[Opening Recorded data section]
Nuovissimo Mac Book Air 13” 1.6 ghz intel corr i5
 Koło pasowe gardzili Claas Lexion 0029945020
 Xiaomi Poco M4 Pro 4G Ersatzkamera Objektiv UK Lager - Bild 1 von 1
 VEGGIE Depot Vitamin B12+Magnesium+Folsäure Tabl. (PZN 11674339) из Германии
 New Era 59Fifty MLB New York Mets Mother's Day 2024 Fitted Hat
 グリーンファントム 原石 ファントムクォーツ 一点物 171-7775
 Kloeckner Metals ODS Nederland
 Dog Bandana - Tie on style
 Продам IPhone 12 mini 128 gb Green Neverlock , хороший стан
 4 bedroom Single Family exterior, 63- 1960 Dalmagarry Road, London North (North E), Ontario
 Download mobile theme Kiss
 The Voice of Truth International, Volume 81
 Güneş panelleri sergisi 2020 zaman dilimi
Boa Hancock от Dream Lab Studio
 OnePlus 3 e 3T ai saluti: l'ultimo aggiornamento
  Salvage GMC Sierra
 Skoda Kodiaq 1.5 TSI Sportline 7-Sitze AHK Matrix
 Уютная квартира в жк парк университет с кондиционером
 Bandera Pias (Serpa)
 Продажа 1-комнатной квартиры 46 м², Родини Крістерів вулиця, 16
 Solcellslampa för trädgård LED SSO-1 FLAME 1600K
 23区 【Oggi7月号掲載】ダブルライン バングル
[Closing Recorded data section]
Your output is to be the lines of the listing, exact and complete, starting at the first and ending with the line that contains "Продажа 1-комнатной квартиры".

Nuovissimo Mac Book Air 13” 1.6 ghz intel corr i5
 Koło pasowe gardzili Claas Lexion 0029945020
 Xiaomi Poco M4 Pro 4G Ersatzkamera Objektiv UK Lager - Bild 1 von 1
 VEGGIE Depot Vitamin B12+Magnesium+Folsäure Tabl. (PZN 11674339) из Германии
 New Era 59Fifty MLB New York Mets Mother's Day 2024 Fitted Hat
 グリーンファントム 原石 ファントムクォーツ 一点物 171-7775
 Kloeckner Metals ODS Nederland
 Dog Bandana - Tie on style
 Продам IPhone 12 mini 128 gb Green Neverlock , хороший стан
 4 bedroom Single Family exterior, 63- 1960 Dalmagarry Road, London North (North E), Ontario
 Download mobile theme Kiss
 The Voice of Truth International, Volume 81
 Güneş panelleri sergisi 2020 zaman dilimi
Boa Hancock от Dream Lab Studio
 OnePlus 3 e 3T ai saluti: l'ultimo aggiornamento
  Salvage GMC Sierra
 Skoda Kodiaq 1.5 TSI Sportline 7-Sitze AHK Matrix
 Уютная квартира в жк парк университет с кондиционером
 Bandera Pias (Serpa)
 Продажа 1-комнатной квартиры 46 м², Родини Крістерів вулиця, 16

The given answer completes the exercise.